(Spartan meets Pyramid Head” by Jonah Farmer.)
Then the awards came. All who participated got an award. Including me! All the pieces were great, but the two I liked best were Henry Hess’s “No Place Like Home”, showing Dorothy’s ruby slippers, which won third place in the Youth Artist category. 2nd Place in the same category went to a Halo/Silent Hill inspired piece! “Spartan meets Pyramid Head” by Jonah Farmer. 1st place in the same category went to Nathaniel Curtiss of Worthington for Where Miles Davis Recorded The Birth of Cool! A super cool use of perspective! Best in Show was called: “Beautiful Nature Life: Where Everyone Would Like to Be”, a mixed media piece by the team of Wendi Olszewski, Shawnda Osswald, and Stephanie Spencer, depicting a brightly colored rural life.
But, everyone wins in my book, because we all told our stories through art: “Why the pig head?” Someone asked me in front of my piece. “Why not?” I said. The point for me is just to create something that didn’t exist before. The image that jumped out at me in the framework of my color scheme was a pig head. I’m interested in seeing how my mind and experience as a disabled person translates to my creations, as each
artist did through their own perspective. By his/her own experience.
Going back to perspectives, the films Be My Brother is an Australian short film about a man with Down Syndrome who records everything he observes, but he cannot get his brother to record something on the bench with him.

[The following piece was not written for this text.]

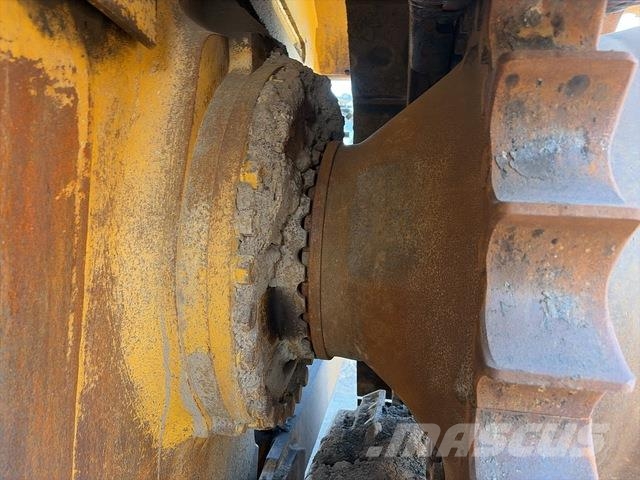 CAT D10T Crawler dozers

He displays a dazzling intelligence, quoting everything from Shakespeare to The Lion King, and even charms a woman who he describes as the “most attractive woman in the world”. The film ends on a bus, with his brother hugging him.
Sensory Overload is a film from the perspective of an autistic. As such, there is intermittent sound, and sometimes it becomes increasing overwhelming. From the blaring of city sirens to a cashier tapping a pen in a café. Wild colors add to the disorientation, and autistic perspective. The film ends in silence as a woman helps the boy pick up papers he lost from his backpack.
We ended with a comedy called Jazz Hand. In this a Californian woman with a prosthetic hand enters a dance audition. While tap dancing, her hand falls off and the choreographer recoils in exaggerated disgust. She puts her hand back on! But backwards! Lots of big laughs from this one, and nice to see a “disability movie” that is a comedy. “Do you think he noticed?” Asks the dancer. Duh! Yes!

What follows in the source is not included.